Multilingual Proficiency
Xmodel-1.5 demonstrates strong performance across multiple languages, including less common ones like Thai, Arabic, and French, in addition to English and Chinese. Benchmark comparisons against similar-sized models like OPT, Pythia, and TinyLLaMA show Xmodel-1.5 achieving superior results in various commonsense reasoning tasks. Multilingual evaluations using datasets like XCOPA, PIQA_AR, and Belebele_tha_thai further confirm its cross-lingual capabilities.
Instruction Tuning for Enhanced Performance
The model underwent instruction fine-tuning to improve its performance on instruction-based tasks, particularly within the e-commerce domain for Retrieval-Augmented Generation (RAG). This process involved a progressive curriculum learning strategy, incorporating datasets like Belle, infinity-instruct-subject, and RAG_mixed. Evaluation using ifeval and MT-Bench benchmarks, along with a custom Thai evaluation set, demonstrates the effectiveness of this instruction tuning.

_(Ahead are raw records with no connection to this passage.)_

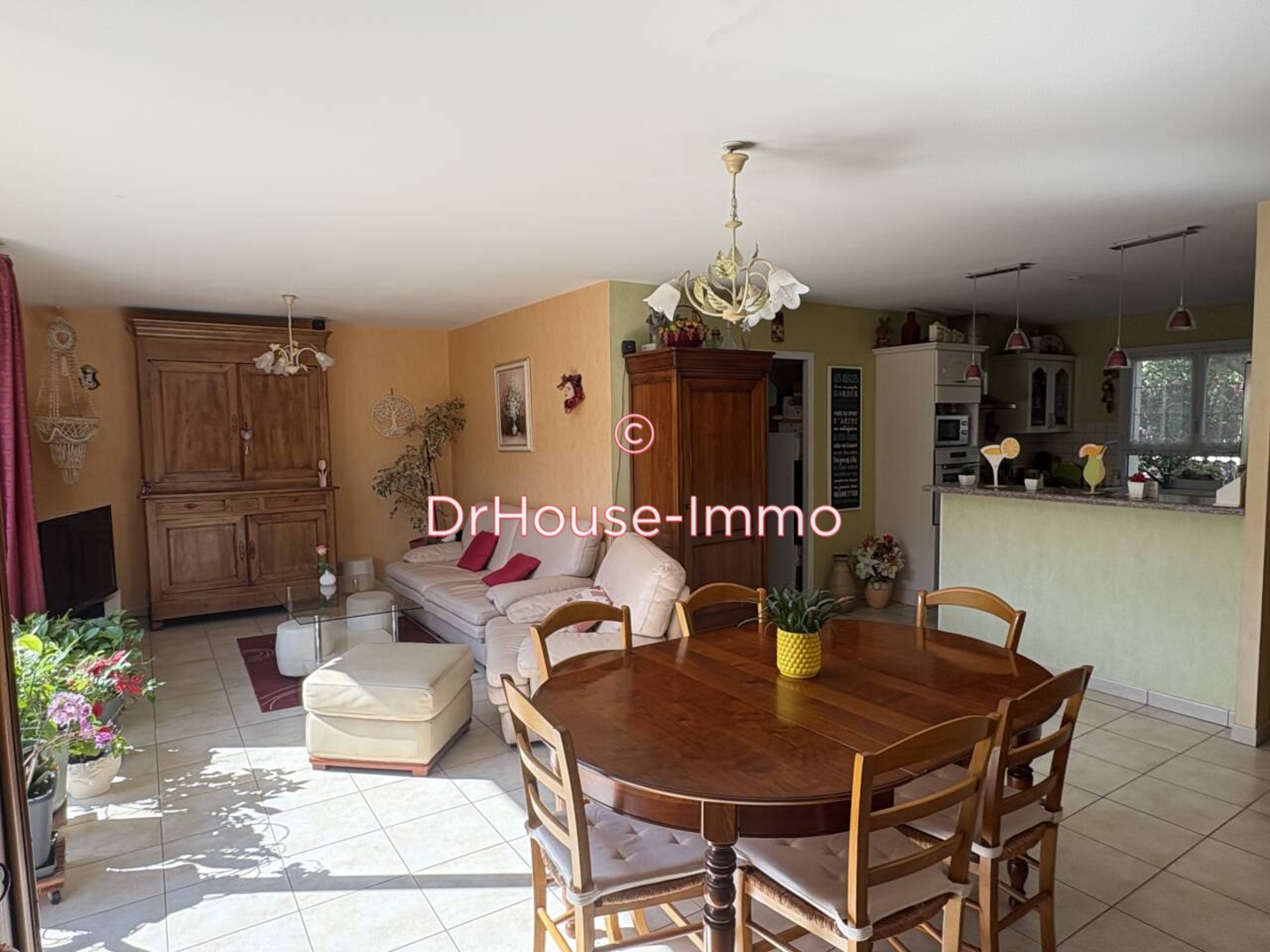 Photo 2 : Vente Maison 5 pièces Montamisé 130 m²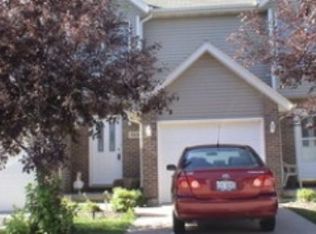 564 S Peace Rd, Sycamore, IL 60178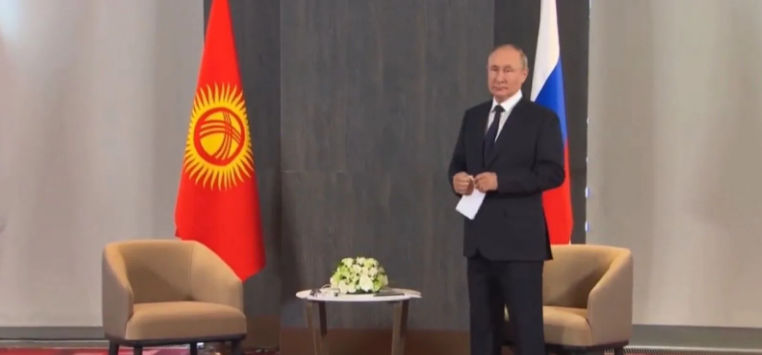 Президент Киргизстану змусив Путіна чекати на себе. ВІДЕО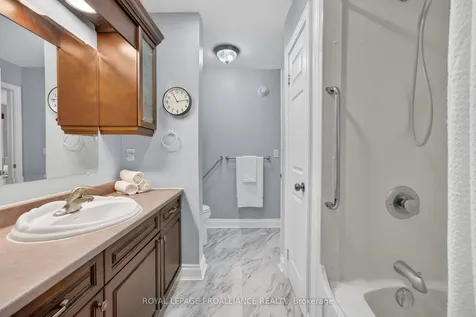 18 South Murray Street Quinte West ON K8V 1Y3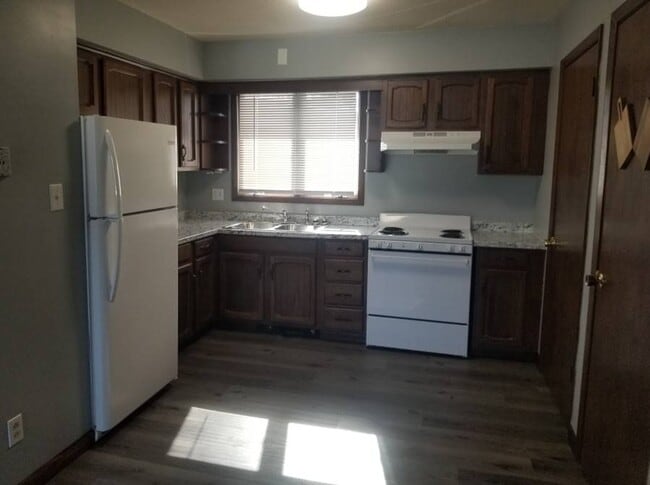 Building Photo - 519 Morris St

Thai Evaluation Dataset Contribution
A key contribution of this research is the release of a new Thai evaluation dataset, annotated by students at Chulalongkorn University. This dataset provides a valuable resource for assessing the performance of language models in Thai and contributes to the development of more robust multilingual NLP systems.
Performance Evolution and Future Directions
Analysis of the model's performance evolution during pre-training reveals consistent improvement across various multilingual benchmarks. While the results are promising, the researchers acknowledge areas for future improvement, particularly in handling nuances like slang, gender differentiation, and formal/informal tone distinctions.
Conclusion
Xmodel-1.5 offers a significant advancement in multilingual LLMs, exhibiting strong performance across a diverse range of languages and tasks. The accompanying release of a Thai evaluation dataset further strengthens its contribution to the field. While acknowledging areas for future refinement, this work represents a valuable step towards more inclusive and effective cross-lingual communication and understanding.